_ACTIVITY_: Exclude the pictures, then copy all remaining records exactly.

_RAW DATA_:
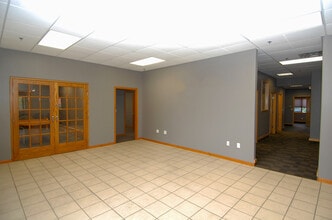 2346 Mormon Trek Blvd, Iowa City, IA à louer Photo intérieure- Image 2 de 22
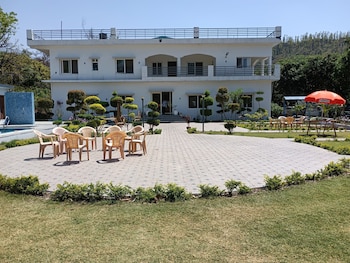 hotel katapathar resort and restaurant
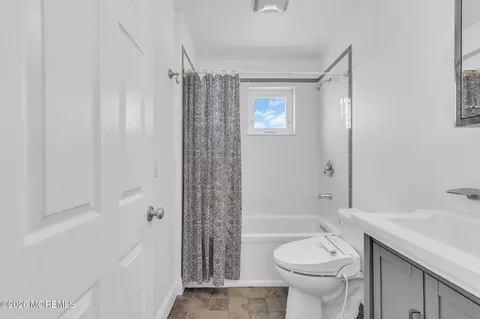 Bath - 655 Front St, Union Beach, NJ 07735 photo 4 of 4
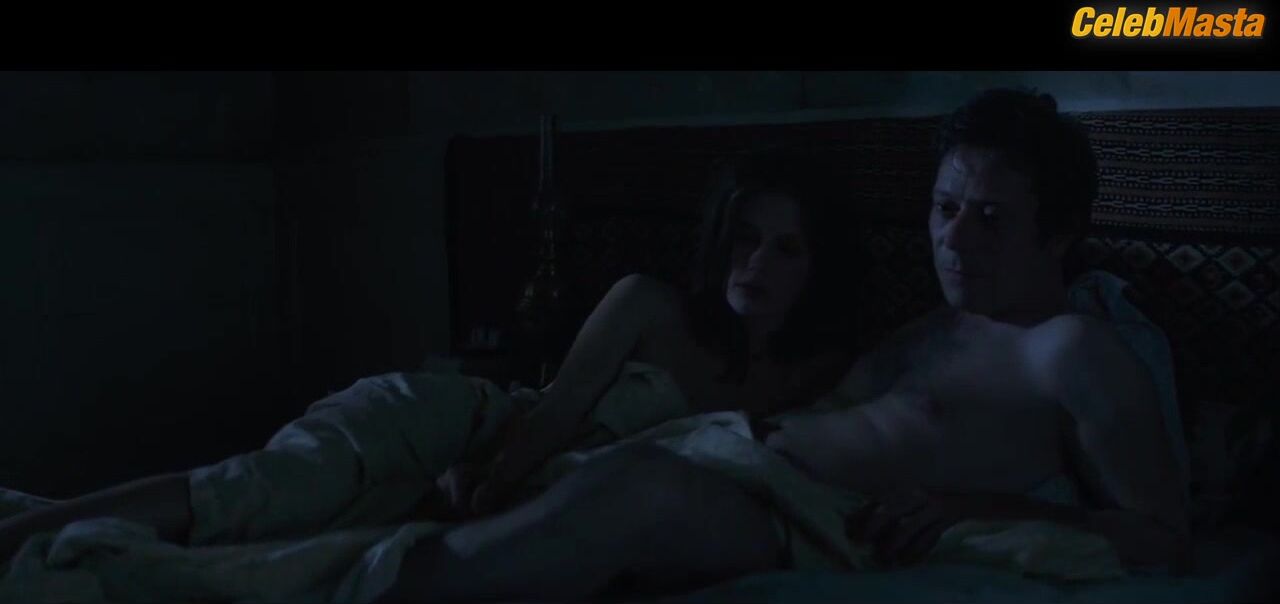 Marine Vacth ’s Booty Scene In Families - Photo 2 of 5 photo 4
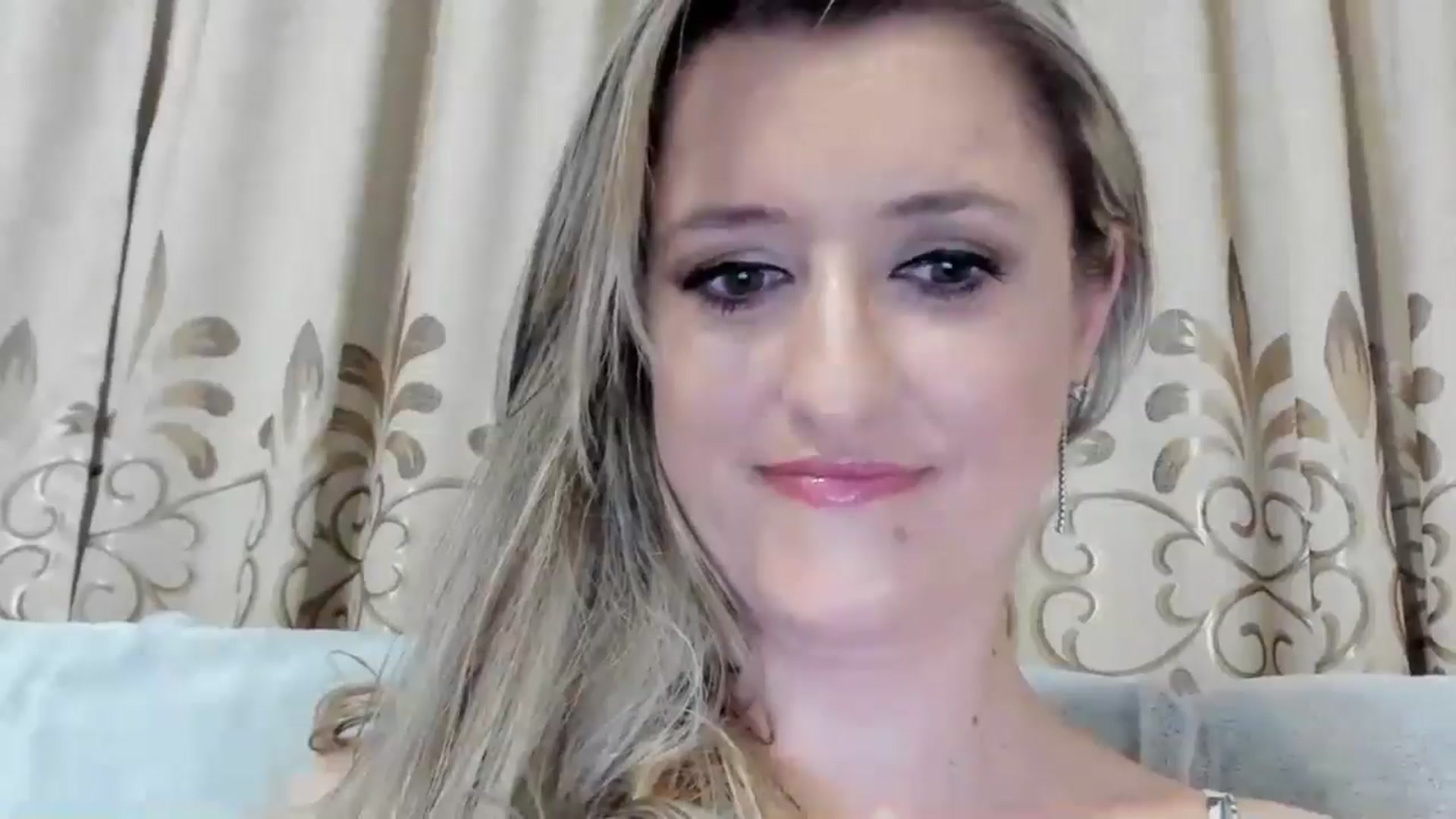 Gallery image thumbnail from BestDream's myfreecams stream on, 08/07/2025, 23:46 image 14 of 20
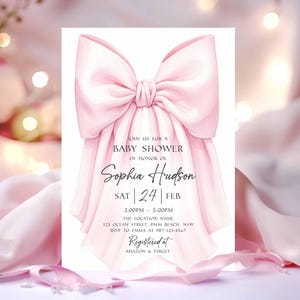 Op de afbeelding: Een babyborrel uitnodiging met een grote, roze strik in aquarel stijl. De uitnodiging bevat de tekst "Doe mee voor een babyborrel ter ere van Sophia Hudson" met evenementdetails en RSVP-informatie. Geregistreerd bij Amazon & Target.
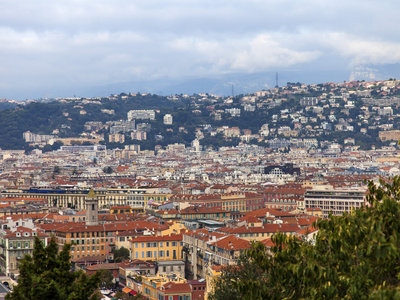法国，蔚蓝。不错，2013 年 10 月 17 日。从观景台市对山城堡的看法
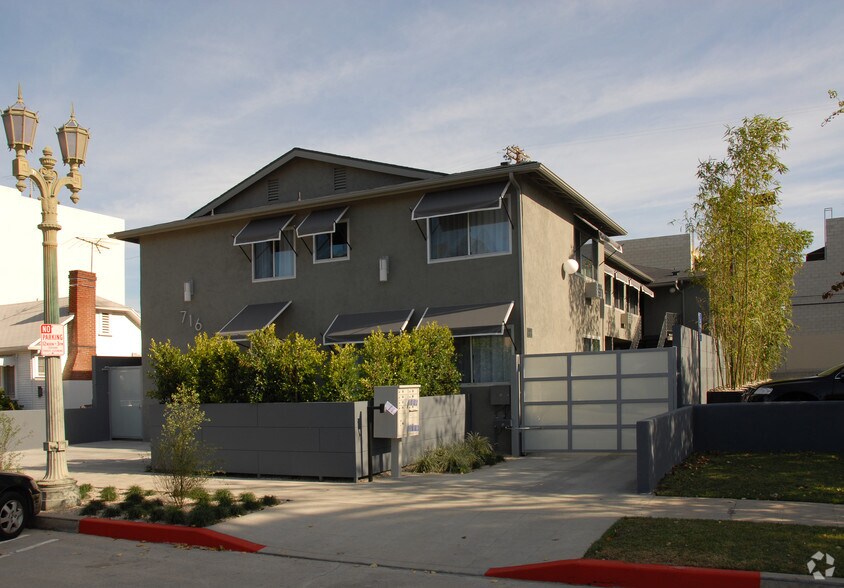 716 Cole Ave, Los Angeles, CA for sale - Primary Photo - Image 1 of 3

_RESPONSE TO THE TASK_:
 2346 Mormon Trek Blvd, Iowa City, IA à louer Photo intérieure- Image 2 de 22
 hotel katapathar resort and restaurant
 Bath - 655 Front St, Union Beach, NJ 07735 photo 4 of 4
 Marine Vacth ’s Booty Scene In Families - Photo 2 of 5 photo 4
 Gallery image thumbnail from BestDream's myfreecams stream on, 08/07/2025, 23:46 image 14 of 20
 Op de afbeelding: Een babyborrel uitnodiging met een grote, roze strik in aquarel stijl. De uitnodiging bevat de tekst "Doe mee voor een babyborrel ter ere van Sophia Hudson" met evenementdetails en RSVP-informatie. Geregistreerd bij Amazon & Target.
法国，蔚蓝。不错，2013 年 10 月 17 日。从观景台市对山城堡的看法
 716 Cole Ave, Los Angeles, CA for sale - Primary Photo - Image 1 of 3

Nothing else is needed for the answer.